|The Golem and the ghost, photo by Phillip Bernett|
Monday, October 22, 2012
The Golem comes to Harlequin
Harlequin Productions is doing a one-night, one-man play called The Golem that sounds like it might be a lot of creepy fun for Halloween. It’s an adaptation of Gustav Meyrink’s classic novel, Der Golem written for the stage and directed by Daniel Flint and fellow Taffety Punk company member Joel David Santner, with music by Jupiter Rex (Josh Taylor, who scored Taffety Punk’s “Burn Your Bookes “and “Measure for Measure”).
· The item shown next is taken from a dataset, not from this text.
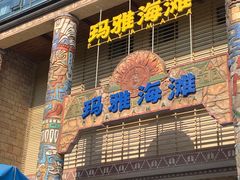 -武汉玛雅海滩水公园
The one man on stage is Flint.
Now living in the other Washington, Flint maintains strong connections with Olympia and Harlequin. He started working with Harlequin back in 2002, playing multiple roles in King John. During Harlequin’s run of The Lonesome West he met Frank Lawler and Jason Marr, and the three of them teamed up to create The Elsinore Diaries, which performed at the Seattle Fringe and at Harlequin. It was my choice for Best New Play in my annual Critic’s Choice column.
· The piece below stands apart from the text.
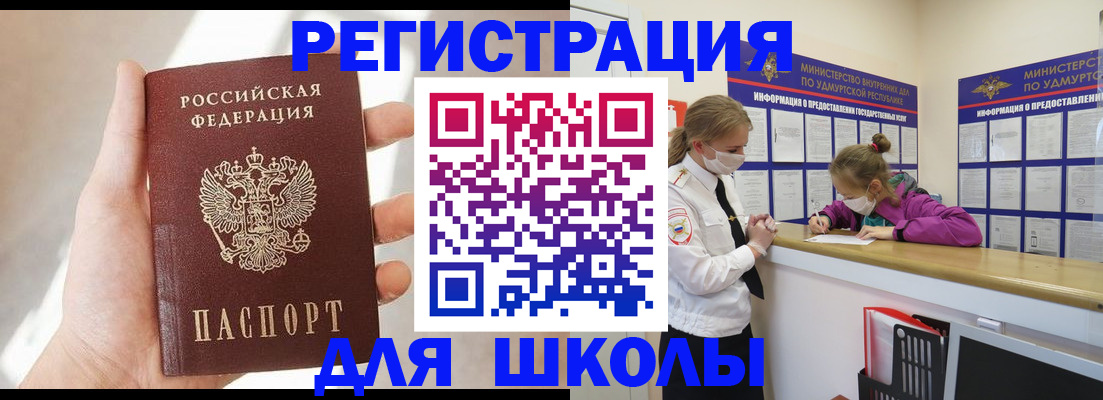 временная регистрация госуслуги в Кирсанове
In 2008 he moved to DC for graduate school but returned to Olympia this summer to play Richard in King Richard III at Harlequin. While doing Richard he asked about performing his adaption of The Golem.
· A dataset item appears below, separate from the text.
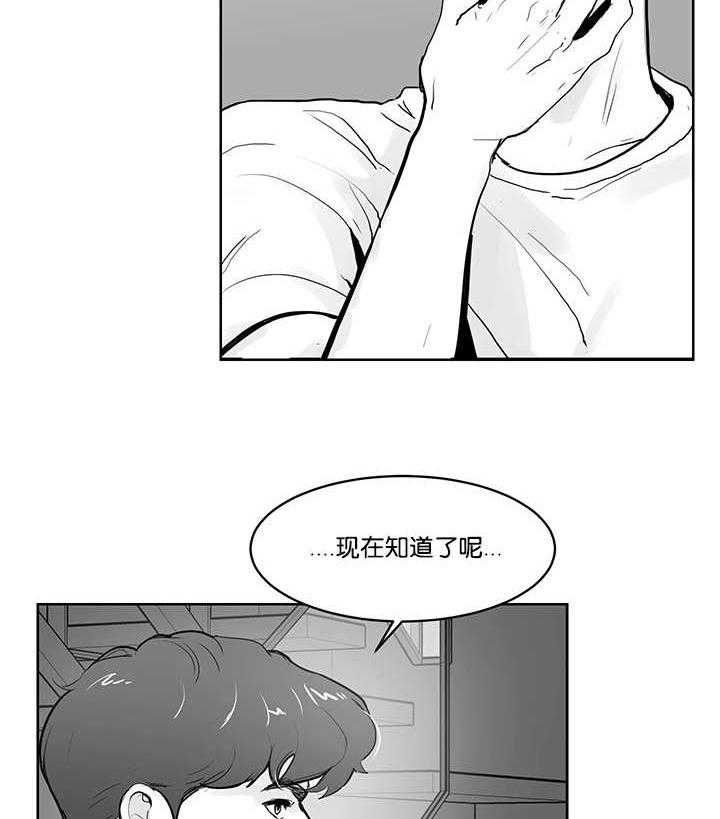 朱罗家族第24话图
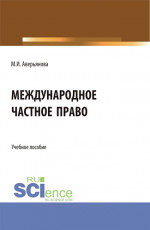 Международное частное право. (Бакалавриат). Учебное пособие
“It means a lot to me that I can say to Scot and Linda (Whitney), ‘Hey since I’ll be there for Richard, can I do a performance of my show on Halloween?’ and that they would without blinking an eye say ‘sure!’ That’s why I love them and their Theatre. Because the show is designed to have live music they are flying Josh Taylor here for the show. He will arrive on Monday and we will have two days to rehearse with him. The play is still in a kind of development stage, having been performed only twice (after a full rehearsal process) at a festival in July. After this, it will be having a full production in May at Taffety Punk Theatre Company in DC.
“I had been given the book, The Golem, or Der Golem, by a friend. It did what all great books do, it drew me in so deep that I could almost not distinguish myself from the main character. It deeply affected me and sometime not too long after I conceived of turning into a one-man play for myself. It is a straight adaptation using the text of the novel cut and honed into a tight narrative that as closely resembles the book as possible.”
The Golem follows the story of Athanasius Pernath, a jeweler in Prague’s Jewish ghetto in the late 19th century who is afflicted with a curious amnesia. When a strange man enters Pernath’s life with a mysterious book, the jeweler begins his descent into a labyrinth of murder, madness, and plots of revenge and unrequited love that eventually bring him face to face with his own dark past and mortality
The stranger with the book is the legendary Golem who roamed the streets of the ghetto in the 16th Century. He is also the jeweler’s doppelganger – leading Pernath to a spiritual awakening which must be embraced in order to escape the madness of his past.